A series of missed chances by the US Federal Government to ensure more widespread testing came during the early days of the outbreak, when containment would have been easier. Even now, after weeks of mounting frustration toward federal agencies over flawed test kits and burdensome rules, states with growing cases such as New York and California are struggling to test widely for the coronavirus. In Germany, the first phase of the emergency has been successfully governed at the Federal level, which promptly facilitated adequate responses in the Landers (regions) based on local needs and contributed to keeping mortality rates at low levels compared to other EU countries. The second phase, however, appears to be problematic, unveiling weaknesses in the capability of the Federal government to coordinate Landers and thus emphasizing asymmetries that are now impacting local economies.

Decentralized governance in managing population health and healthcare can attain excellent performance provided that the central government becomes more rapid in responding, less bureaucratic, streamlines processes and procedures, increases its capability to analyze and interpret future (demographic, epidemiologic, technological) trends so as to anticipate health policies aimed at supporting and coordinating the work of local governments.

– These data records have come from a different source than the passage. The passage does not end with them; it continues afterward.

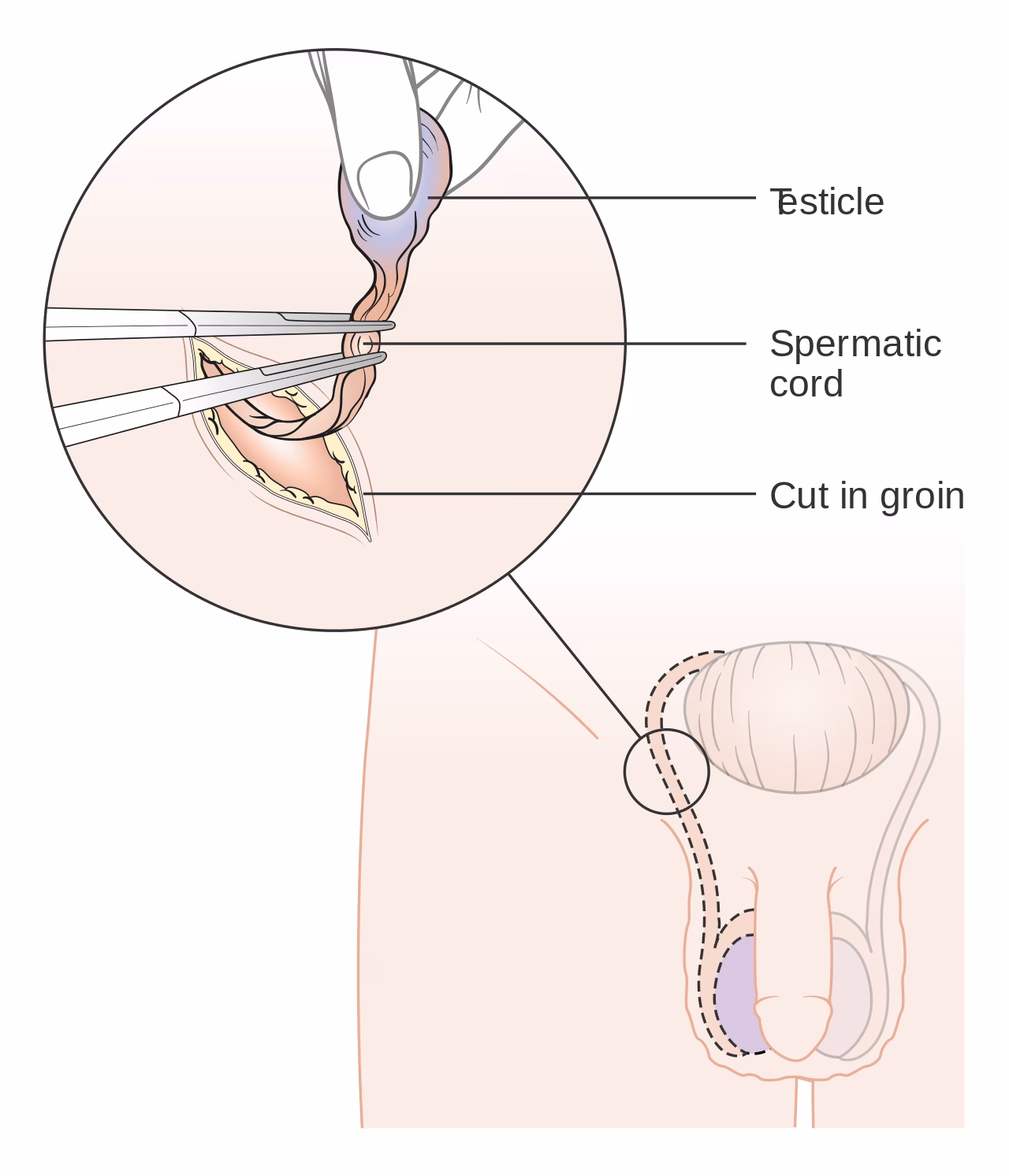 What are the steps in an orchiectomy?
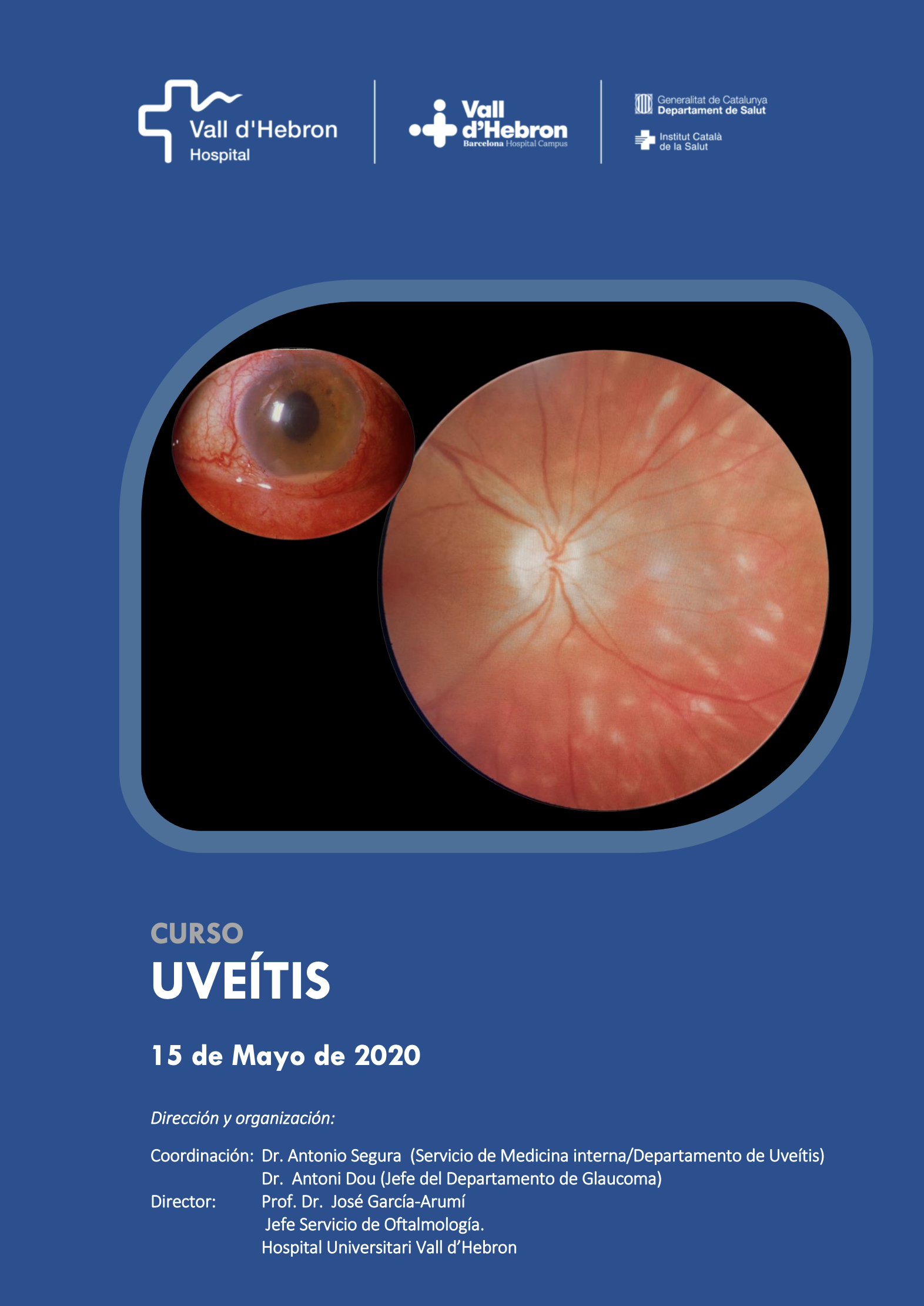 L’Hospital Universitari Vall d’Hebron organitza un curs sobre uveïtis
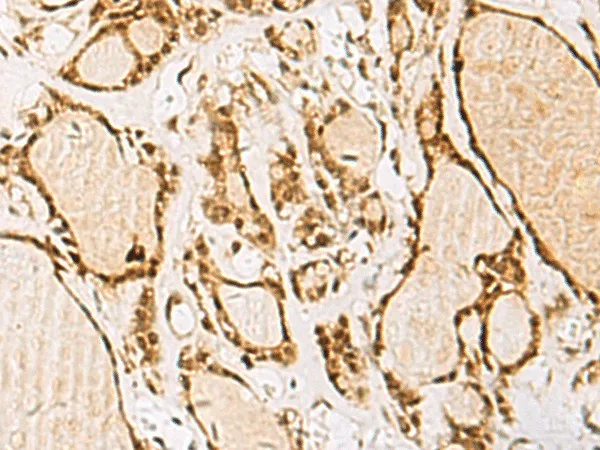 NIPBL Polyclonal Antibody - image 1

More attention on primary care and public health
When epidemics spread, there was no time to re-design care services, so those regions that already routinely used territorial services converted them to manage infected patients. Areas like Scandinavia, the Catalan region of Spain and the Veneto region of Italy had more robust models of primary care and were able to keep patients at home by organizing different forms of remote monitoring, thus alleviating the pressure on hospitals and, at the same time, providing effective care to home-based patients. Furthermore, the Covid-19 experience has shown the importance of effective public health services. Over time, public health services have become disconnected from the gamut of services provided at the single patient level, reducing the level of coordination. Epidemics, as COVID-19 has reminded us, require that community interventions be coordinated with primary care. To move toward community intervention requires reconnecting the public health and hygiene mandate with that aimed at guaranteeing individual patient services through large scale managerial action.

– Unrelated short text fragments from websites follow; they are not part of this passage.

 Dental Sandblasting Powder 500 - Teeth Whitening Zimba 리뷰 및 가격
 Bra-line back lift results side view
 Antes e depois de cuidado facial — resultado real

The fast pace of health care services’ transformation
If there is one thing that we have realized, it is that local health systems can be both flexible and controlled, thanks in large part to the ability of top management to improvise within a system full of constraints and in unknown territory. This silent community of professionals (healthcare managers, starting with the general managers) acted by reorienting the organization of LHAs that had become unwieldy (the average population covered by an LHA has climbed to 500,000 inhabitants) due to continued mergers and concentration of processes over the last few years. The hospitals and LHAs were able not only to withstand the onslaught of the virus but also weather the uneasy relationships between the national, regional and local levels. Unprecedented crisis made clear how important effective and capable management at the provider level is for facing these challenges. Boosting management capacity at the local level is one of the essential ingredients of a strong and resilient healthcare system.

Not to forget
When Covid-19 is over, human losses will be painfully countless while economic downturns have already started counting thousands of billions of US dollars worldwide. As strange as it may seem to say, we believe that COVID-19 did not create new problems but violently brought to the surface many of the challenges healthcare systems have been facing for a long time.

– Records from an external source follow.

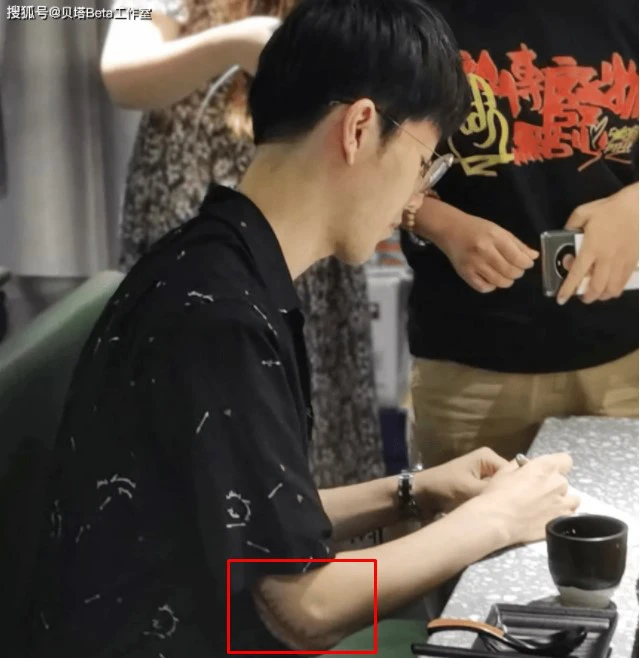 Thery's very serious hand injury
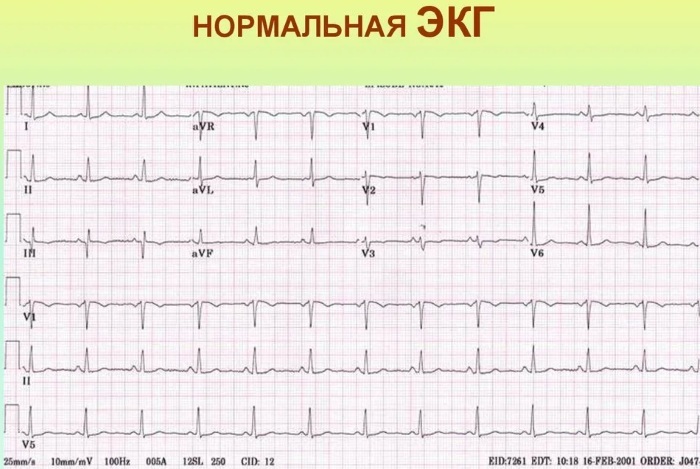 Pain in the region of the heart at rest. What is it, what to do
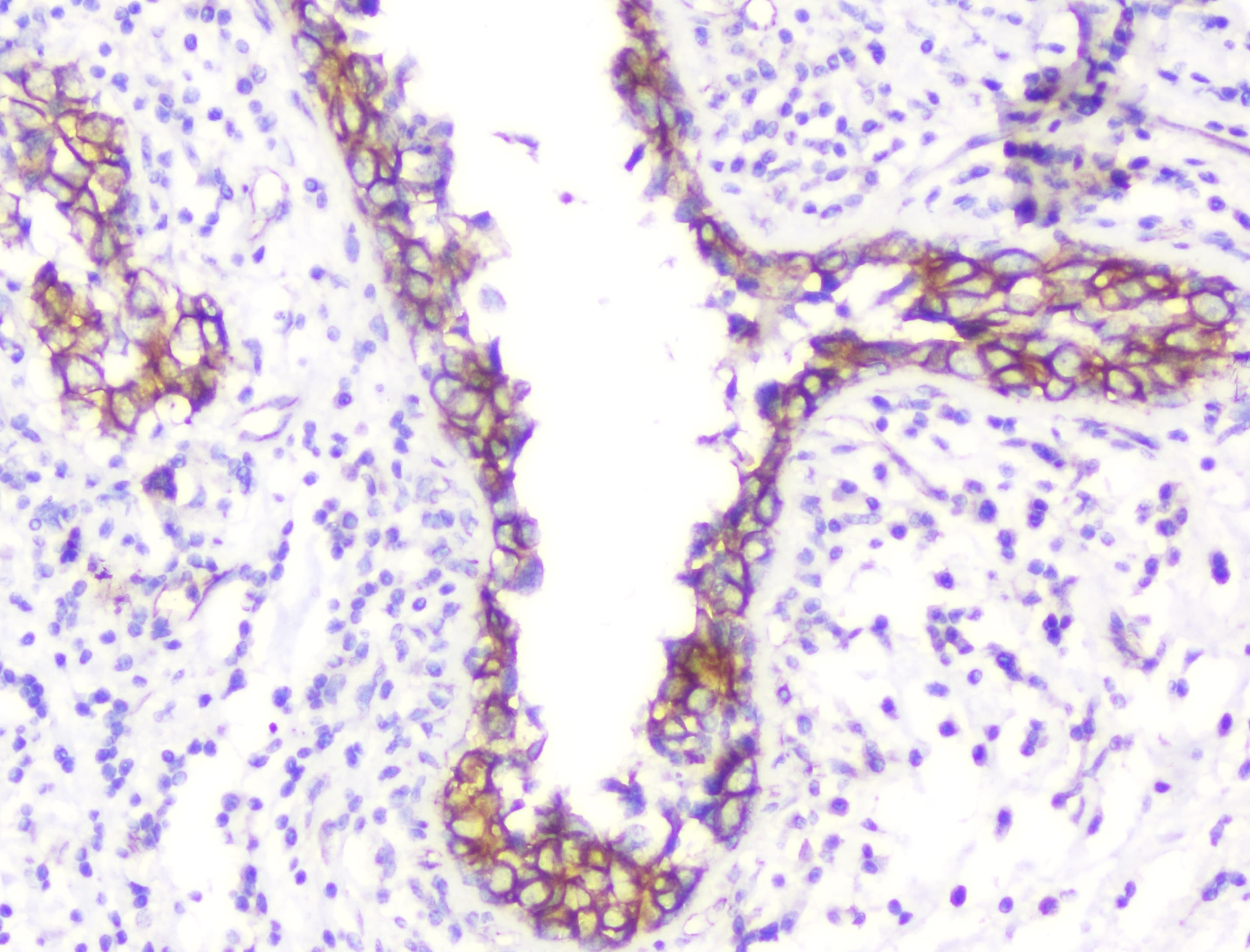 CTNNB1 / Beta Catenin Antibody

Governments play a pivotal role in ruling healthcare systems, and this becomes even truer in times of epidemics, i.e., whenever health clearly reveals its ‘public good’ nature. Healthcare is the cornerstone of society and must be funded appropriately.

The pandemic is evaporating, but the extra funds for the Italian public healthcare system must not. It’s time to develop a forward-looking, evidence-based road-map for making the future normality different from the one before.